Once the pictures have been excluded, set down each remaining entry word for word.

Data records -
* * * * * * * * *
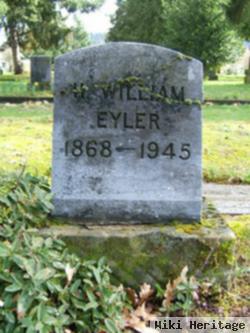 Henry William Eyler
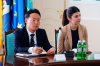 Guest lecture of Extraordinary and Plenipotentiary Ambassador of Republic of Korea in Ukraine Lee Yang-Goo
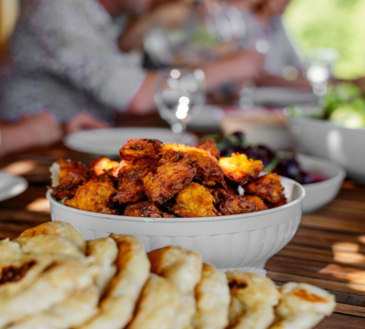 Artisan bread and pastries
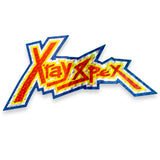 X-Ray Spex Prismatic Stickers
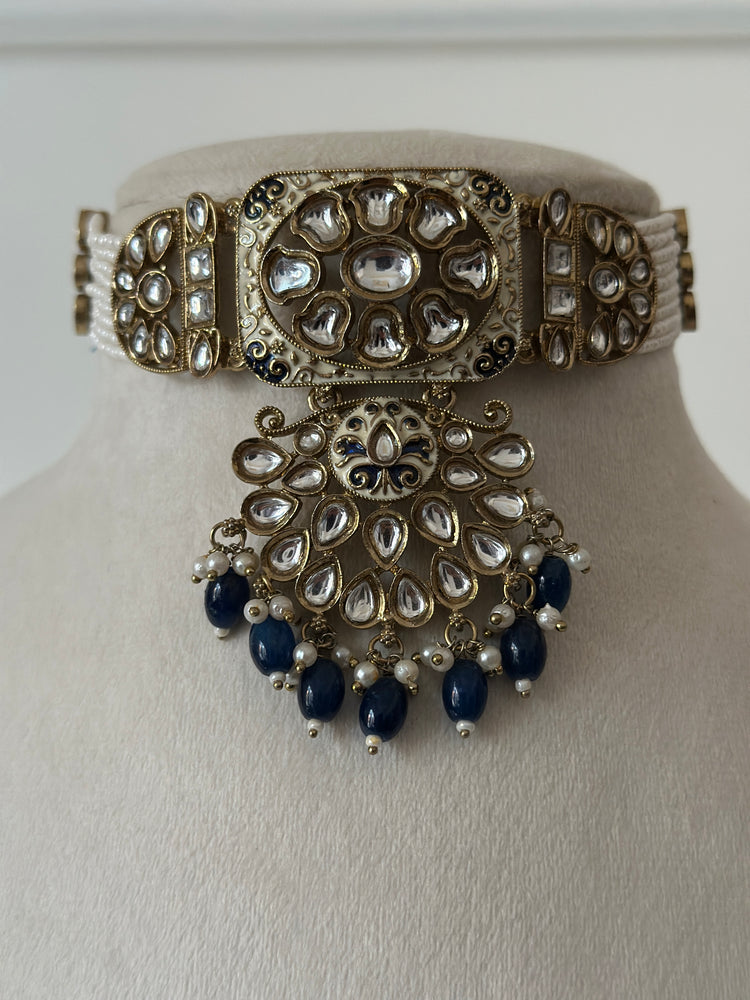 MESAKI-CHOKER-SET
* * * * * * * * *
Exercise output -
 Henry William Eyler
 Guest lecture of Extraordinary and Plenipotentiary Ambassador of Republic of Korea in Ukraine Lee Yang-Goo
 Artisan bread and pastries
 X-Ray Spex Prismatic Stickers
 MESAKI-CHOKER-SET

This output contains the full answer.